Consider the estimate of $β$ in a linear regression, $\hatβ=(X^TX)^{-1}X^TY$, where $X$ is an $N×P$ matrix of predictors, $\hatβ$ is a $P×1$ vector of parameter estimates, and $Y$ is an $N×1$ vector of responses. Let's assume for argument's sake that we have an infinite population of data from which to draw (this is not completely ridiculous, by the way -- if we were actively recording data from some physical process we could record predictor and response data at a rapid rate, thus practically satisfying this assumption). So we draw $N$ observations, each consisting of a single response value and a value for each of the $P$ predictors. We then compute our estimate of $\hatβ$ and record the values. Let us then take this entire process and repeat it $N_{iter}$ times, each time making $N$ independent draws from the population. We will accumulate $N_{iter}$ estimates of $\hatβ$ over which we can compute the variance of each element in the parameter vector. Note that the variance of these parameter estimates is inversely proportional to $N$ and proportional to $P$, assuming orthogonality of the predictors.
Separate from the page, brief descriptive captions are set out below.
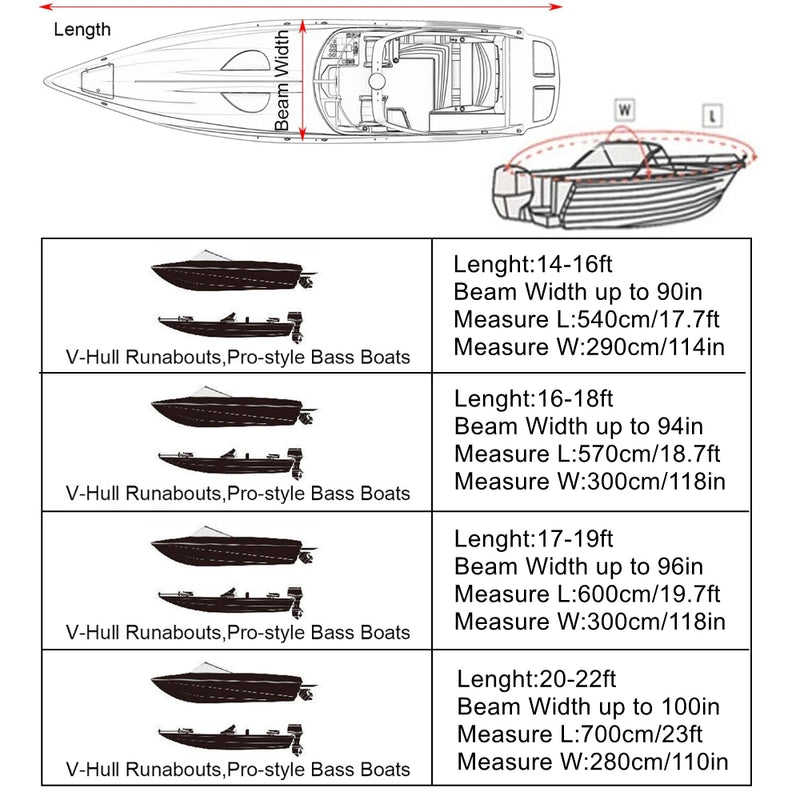 Housse bateau de pêche coque en V, Oxford 210D anti-UV, 540 à 600 cm de long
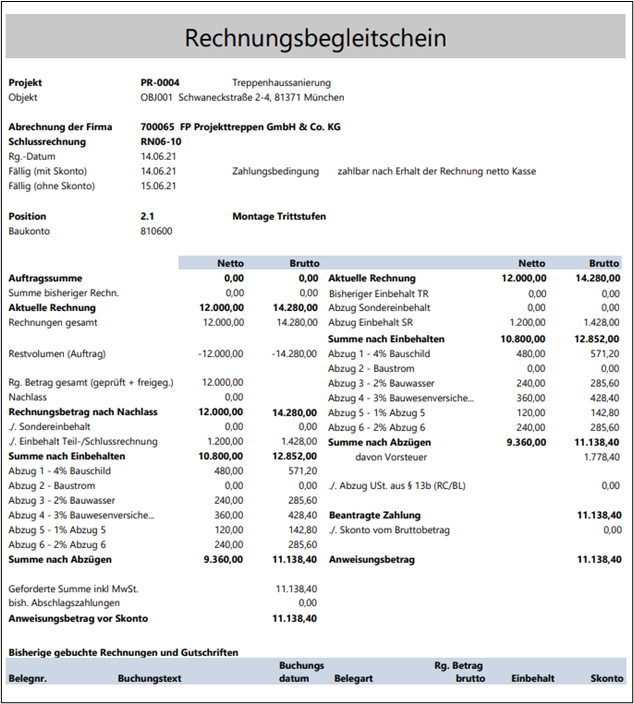 Rechnungsbegleitschein
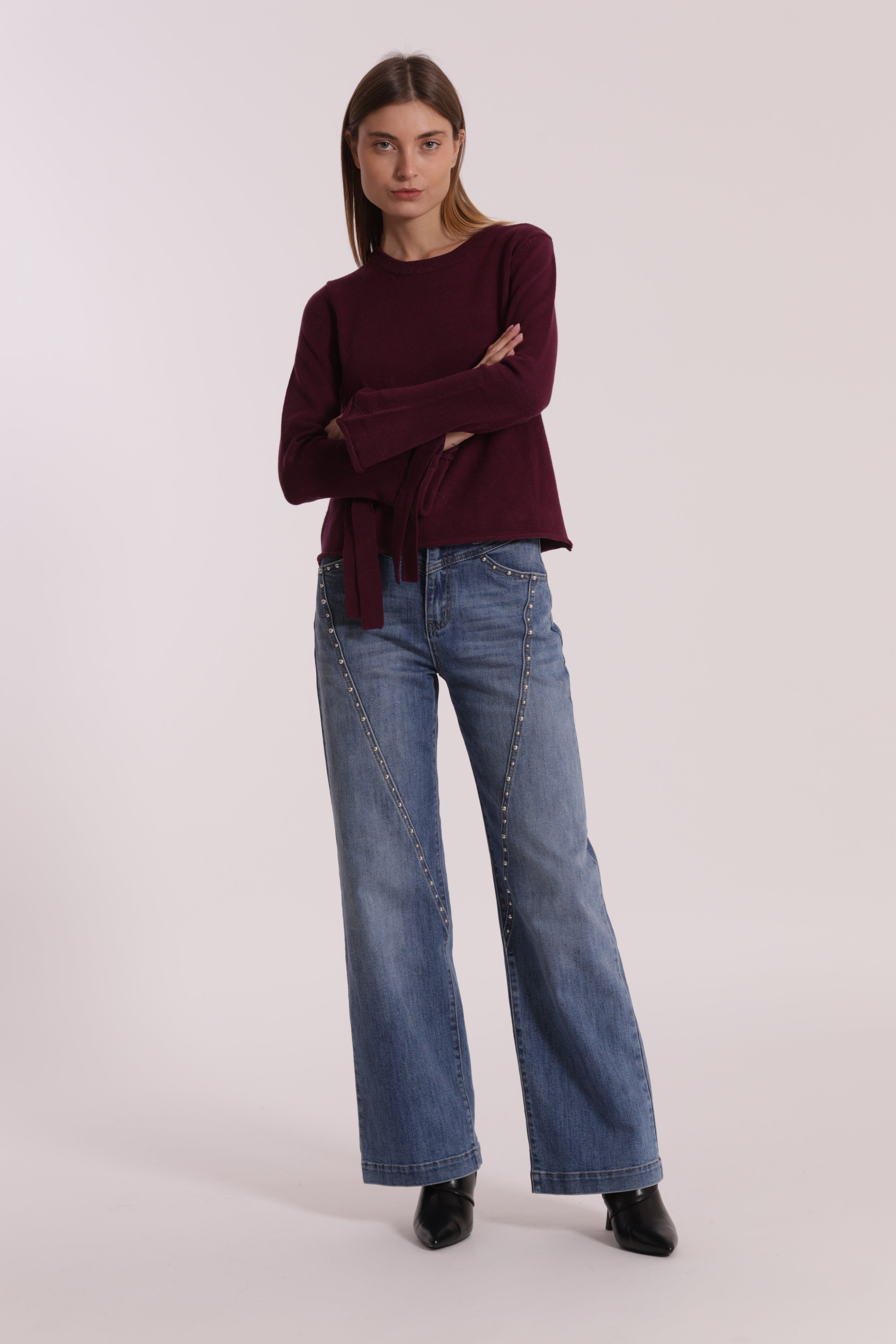 Mimi Mua jeans wide leg borchie blu medio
The bias of each parameter can be estimated similarly. While we may not have access to the "true" function, let's suppose we can make an arbitrarily large number of draws from the population in order to compute $\hatβ_{best}$, which will serve as a proxy for the "true" parameter value. We'll assume that this is an unbiased estimate (ordinary least squares) and that the number of observations used was sufficiently large such that the variance of this estimate is negligible. For each of the $P$ parameters, we compute $\hatβ_{best_j}-\hatβ_j$, where $j$ ranges from $1$ to $N_{iter}$. We take the average of these differences as an estimate of the bias in the corresponding parameter.
There are corresponding ways of relating bias and variance to the data itself, but they're a little more complicated. As you can see, bias and variance can be estimated for linear models, but you will require quite a bit of hold-out data. A more insidious problem is the fact that once you start working with a fixed dataset, your analyses will be polluted by your personal variance, in that you'll have already begun wandering through the garden of forking paths and there's no way of knowing how that would replicate out-of-sample (unless you just came up with a single model and ran this analysis and committed to leaving it alone after that).
Regarding the matter of the data points themselves, the most correct (and trivial) answer is that if there is any difference between $Y$ and $\hat{Y}$, you need a more complex model (assuming that you could correctly identify all the relevant predictors; you can't). Without going into a boring treatise on the philosophical nature of "error," the bottom line is that there was something going on that caused your model to miss its mark. The problem is that adding complexity increases variance, which will likely cause it to miss the mark on other data points. Therefore, worrying about error attribution at the individual data point level is not likely to be a fruitful endeavor. The exception (mentioned in the first paragraph) stems from the fact that bias and variance are actually functions of the predictors themselves, so you may have large bias in one part of the predictor space and smaller bias in another (same for variance). You could assess this by computing $Y-\hat{Y}$ many times (where $\hat{Y}=X\hatβ$ and $\hatβ$ was not estimated based on $Y$) and plotting its bias (average) and variance as a function of the values of $X$. However, I think that's a pretty specialized concern.